→ **Task statement**: Taking each line of the material in turn, count those with the string "have" and answer with the count alone.
** Opening Source records block **
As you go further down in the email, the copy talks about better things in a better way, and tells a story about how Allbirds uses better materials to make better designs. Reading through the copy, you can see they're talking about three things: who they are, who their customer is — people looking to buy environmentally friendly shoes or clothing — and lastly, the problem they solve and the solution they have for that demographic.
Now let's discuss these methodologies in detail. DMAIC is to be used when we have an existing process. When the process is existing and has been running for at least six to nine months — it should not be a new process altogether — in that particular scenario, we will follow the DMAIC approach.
** Closing Source records block **
** Opening Source records block **
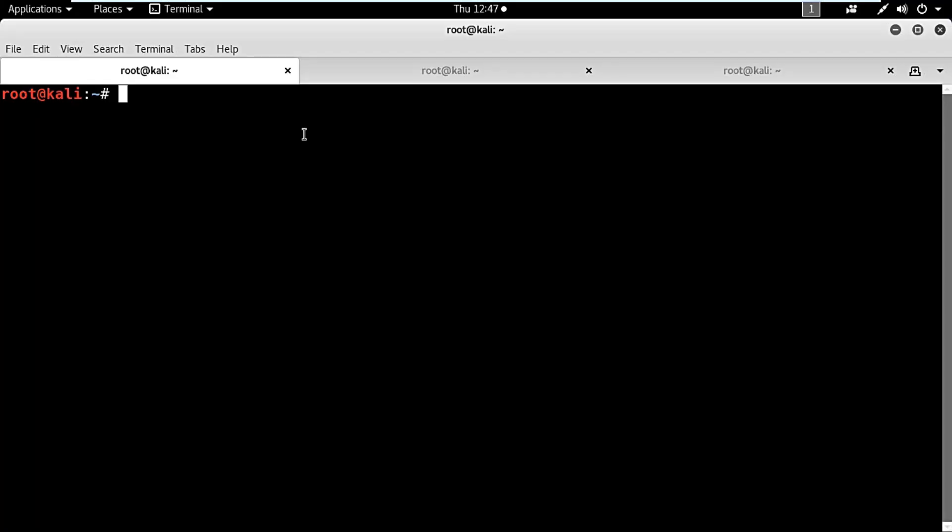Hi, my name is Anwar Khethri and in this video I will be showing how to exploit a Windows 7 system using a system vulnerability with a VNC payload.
** Closing Source records block **
→ **Response**: 2